__GOAL OF THE EXERCISE__: Below are entries; output exactly the lines from the one with "You Can Buy" to the one with "Steve Haymaker Vintage", both included, and nothing else.

__GIVEN DATA__:
_ _ _ _ _

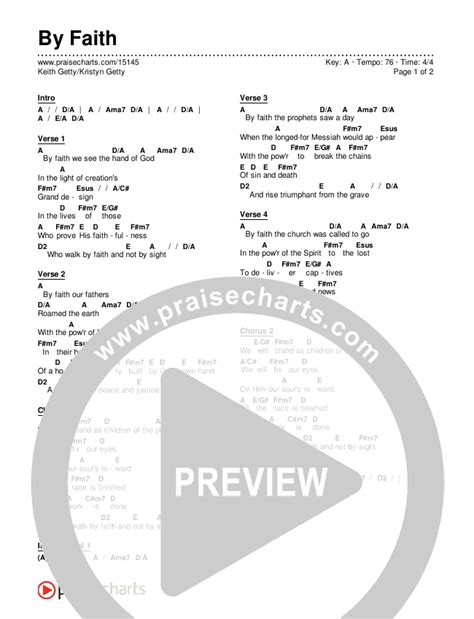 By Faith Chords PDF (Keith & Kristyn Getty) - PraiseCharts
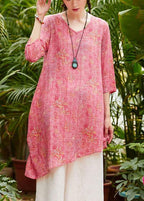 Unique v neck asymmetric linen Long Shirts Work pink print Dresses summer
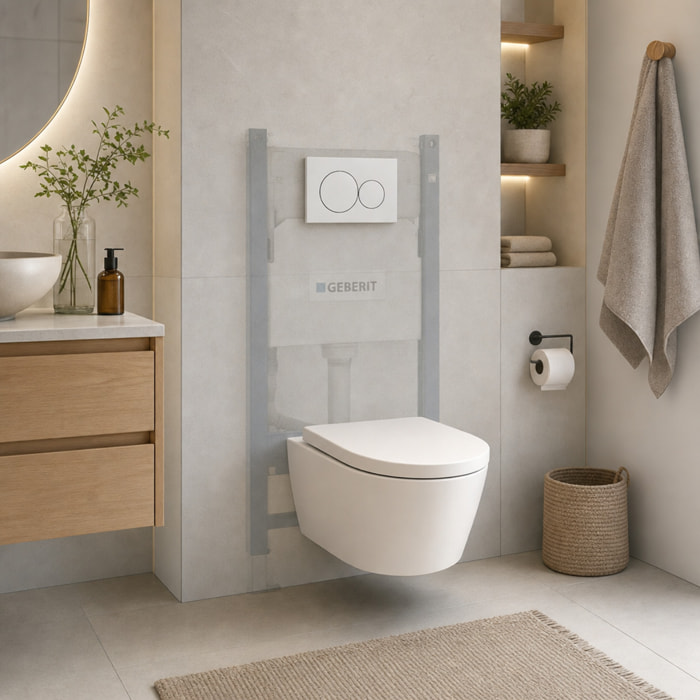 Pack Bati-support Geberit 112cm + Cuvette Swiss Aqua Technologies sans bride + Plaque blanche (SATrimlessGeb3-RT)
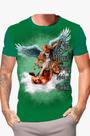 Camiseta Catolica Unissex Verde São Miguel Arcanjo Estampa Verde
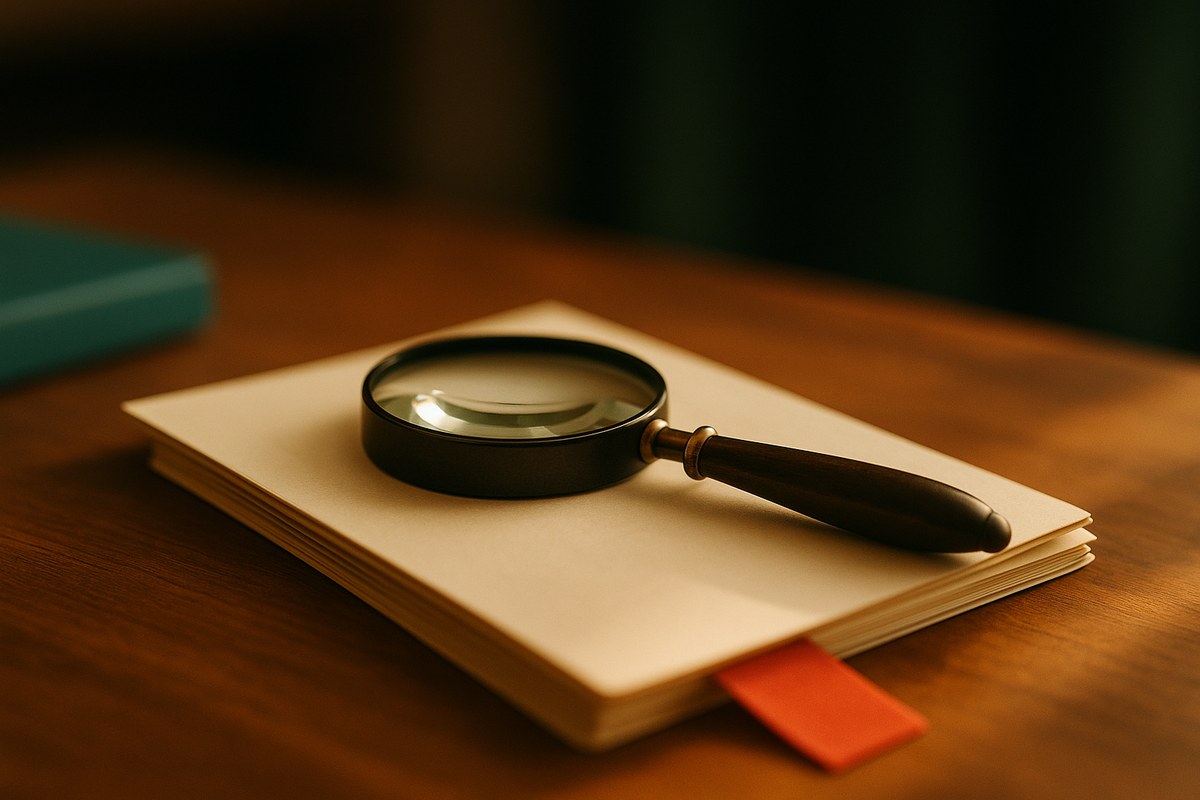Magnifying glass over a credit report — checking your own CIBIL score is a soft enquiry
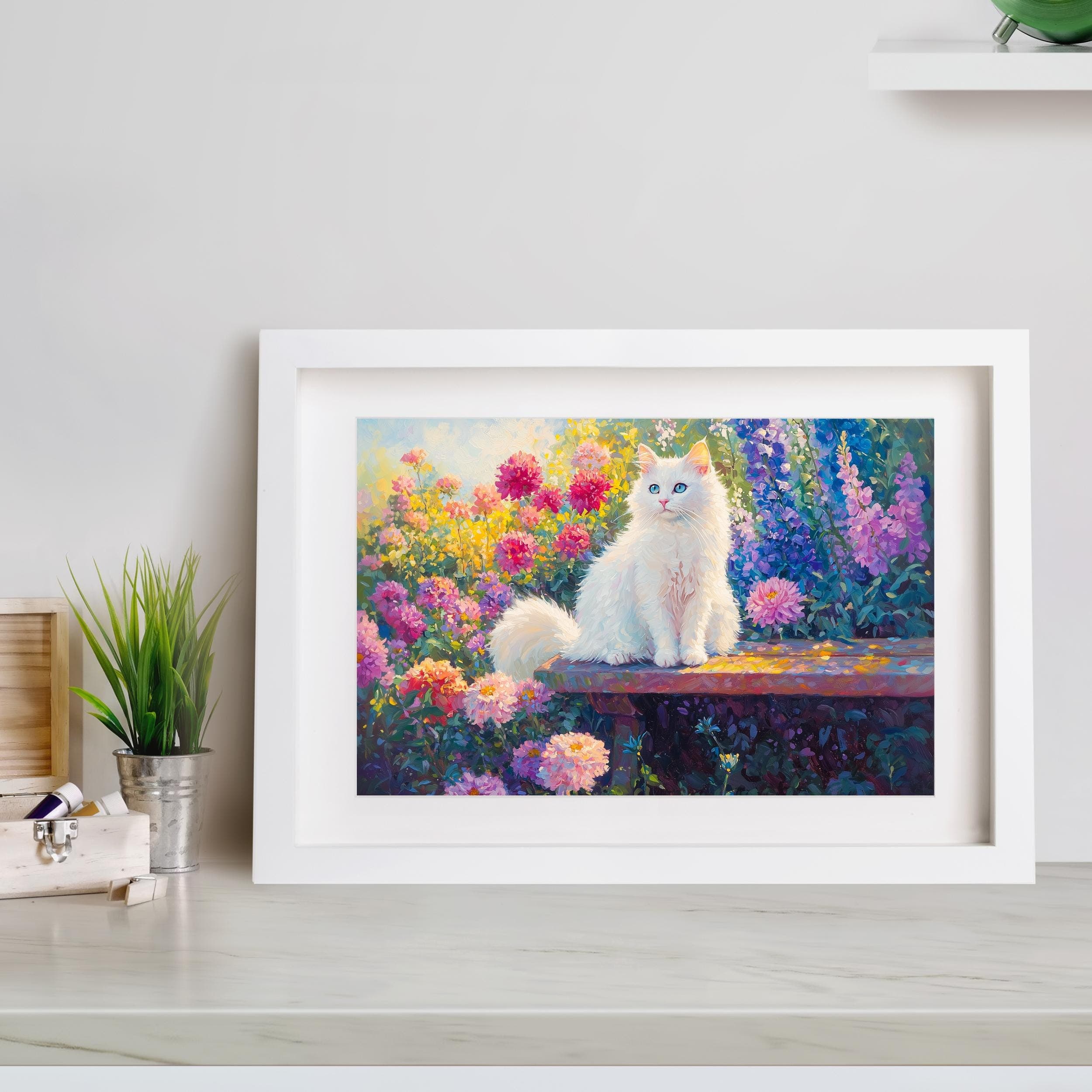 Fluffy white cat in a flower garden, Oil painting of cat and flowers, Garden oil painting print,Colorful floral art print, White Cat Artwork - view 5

_ _ _ _ _

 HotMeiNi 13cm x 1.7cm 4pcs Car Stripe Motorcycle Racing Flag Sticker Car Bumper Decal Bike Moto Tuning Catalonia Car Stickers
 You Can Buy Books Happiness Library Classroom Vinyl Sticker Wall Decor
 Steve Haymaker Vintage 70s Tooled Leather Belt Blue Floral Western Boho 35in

_ _ _ _ _

__FINISHED TASK__:
 You Can Buy Books Happiness Library Classroom Vinyl Sticker Wall Decor
 Steve Haymaker Vintage 70s Tooled Leather Belt Blue Floral Western Boho 35in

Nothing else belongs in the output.